Приглашать иностранного гастролера на выступления в российскую труппу – дело в принципе хорошее. Особенно когда гость представляет знаменитую европейскую труппу. В этот раз возможность посмотреть танцующего иностранца предоставила труппа «Кремлевский балет» – в ее спектакле «Ромео и Джульетта» главную партию исполнил солист Парижской оперы Карл Пакетт. В родном театре он числится первым танцовщиком: это вторая ступень в балетной табели о рангах, высшая – «этуаль» (звезда»).
Появление Пакетта в Москве – результат сложного стечения обстоятельств. Шекспировский балет в Кремле идет в постановке Юрия Григоровича. Тот же хореограф не так давно возобновил свой давний спектакль «Иван Грозный» в Париже, роль князя Андрея Курбского станцевал Пакетт. И так впечатлился экзотическим драматизмом роли (которая, кстати, повысила внутритеатральное значение первого солиста Оперы – «после Курбского ко мне стали относиться серьезнее», говорит Пакетт), что стал раздавать интервью, в которых превозносил Григоровича и ругал постановки Нуреева («Нуреев ставил танцы для себя, Григорович – для всех»). Вдобавок парижанин публично проявил редкую в Европе вкусовую консервативность, с отвращением вспоминая свое барахтанье в сырой земле при исполнении «Весны священной» Пины Бауш.
Знакомство с русским хореографом имело естественное продолжение: Пакетт стал одним из трех студентов, набранных Григоровичем на собственный курс подготовки балетмейстеров в питерской Академии русского балета. После этого до московского выступления Карла оставался один шаг: глава «Кремлевского балета» Андрей Петров – давний соратник Григоровича.

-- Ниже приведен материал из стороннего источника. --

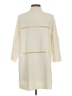 French Connection 100% Cotton Ivory Poncho Size S - photo 2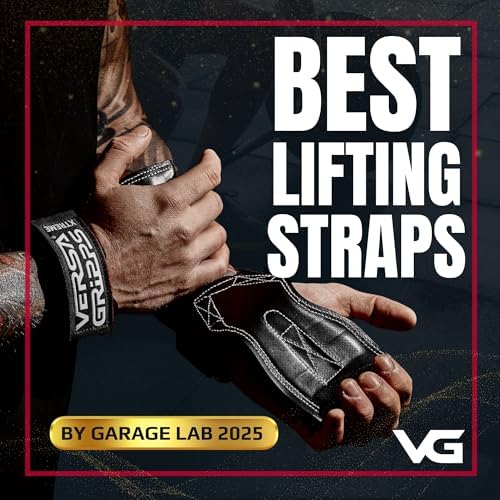Versa Gripps® Pro, Made in The USA, Wrist Straps for Weightlifting Alternative, The Best Training Accessory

Одобрительно рассуждая о балетах, в которых можно сыграть роль, а не просто танцевать, Карл явно подразумевал, что его незаурядный артистизм только и ждет подходящего балетного материала, чтобы проявиться во всей красе. Выступив в роли Ромео, Пакетт получил то, что увидел в спектаклях Григоровича, – «хорошо развитую главную лирическую мужскую партию» и танцы, где выражено «эмоциональное состояние персонажа и развитие его личности». Вот тут бы французу и развернуться. Но его выступление в «Ромео и Джульетте» оказалось откровенно неинтересным. И главное впечатление от этих гастролей – ощущение глобальной разницы двух исполнительских школ, французской и русской.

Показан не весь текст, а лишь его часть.